Hoshida Shiro, Yamashita Nobushige, Otsu Kinya, Hori Masatsugu
Department of Internal Medicine and Therapeutics, Osaka University Graduate School of Medicine, Suita, Japan.
Cardiovasc Res. 2002 Aug 15;55(3):495-505. doi: 10.1016/s0008-6363(02)00337-1.
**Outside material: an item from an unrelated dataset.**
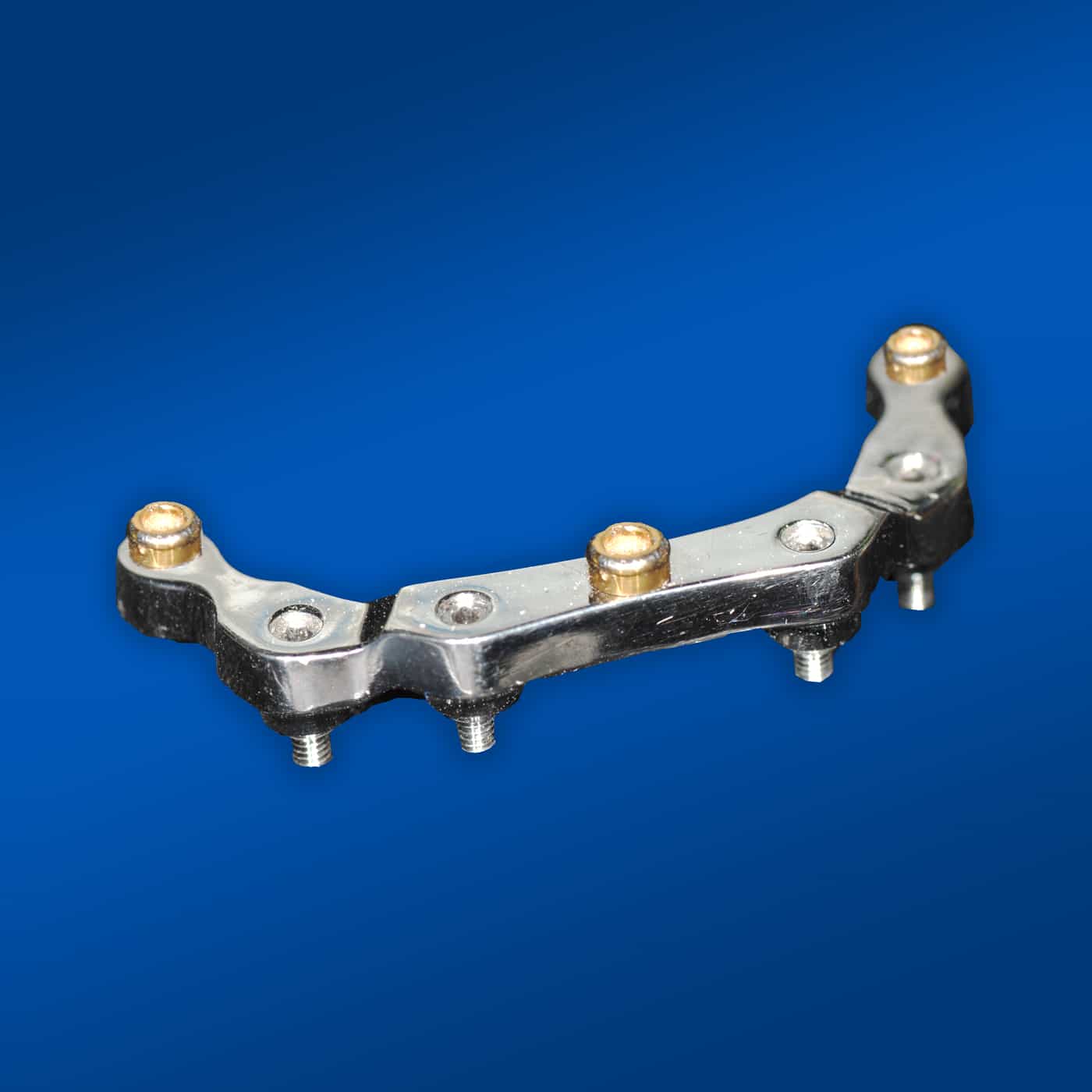 Burbank Dental Lab locator bar for denture over implant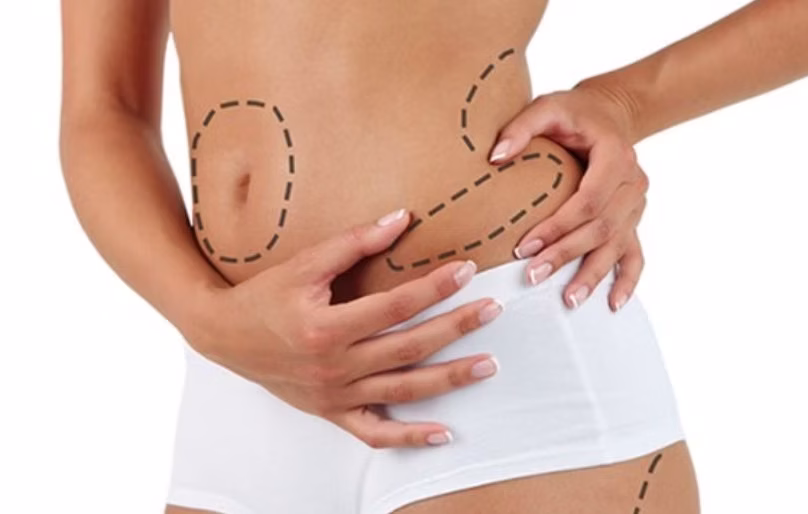 Liposuction Turkey surgery preparation in a modern clinic offering 360 liposuction Turkey and advanced body contouring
It is clinically important to elucidate the mechanism underlying the delayed preconditioning against ischemia-reperfusion injury observed 24-72 h after sublethal stress such as brief ischemia, hyperthermia and exercise. The time course of induction of myocardial manganese-superoxide dismutase (Mn-SOD) and appearance of the ischemic tolerance coincide well, and the percent increase in Mn-SOD activity and percent reduction of infarct size are correlated well under various stresses. Furthermore, treatments with antisense oligodeoxynucleotides to Mn-SOD completely abolished the delayed preconditioning and any increase in Mn-SOD content. These results indicate that Mn-SOD induction plays a pivotal role in the late phase preconditioning afforded with brief ischemia, hyperthermia and exercise. We also showed that cytokines, e.g., tumor necrosis factor-alpha and interleukin-1beta, and reactive oxygen species are involved in the process of signal transduction for the Mn-SOD induction.
阐明诸如短暂缺血、热疗和运动等亚致死性应激后24 - 72小时观察到的延迟预处理对抗缺血再灌注损伤的潜在机制具有临床重要性。心肌锰超氧化物歧化酶(Mn - SOD)诱导的时间进程与缺血耐受性的出现吻合良好,并且在各种应激下,Mn - SOD活性的百分比增加与梗死面积的百分比减少密切相关。此外,用针对Mn - SOD的反义寡脱氧核苷酸处理完全消除了延迟预处理以及Mn - SOD含量的任何增加。这些结果表明,Mn - SOD诱导在短暂缺血、热疗和运动所提供的晚期预处理中起关键作用。我们还表明,细胞因子,如肿瘤坏死因子 - α和白细胞介素 - 1β,以及活性氧参与了Mn - SOD诱导的信号转导过程。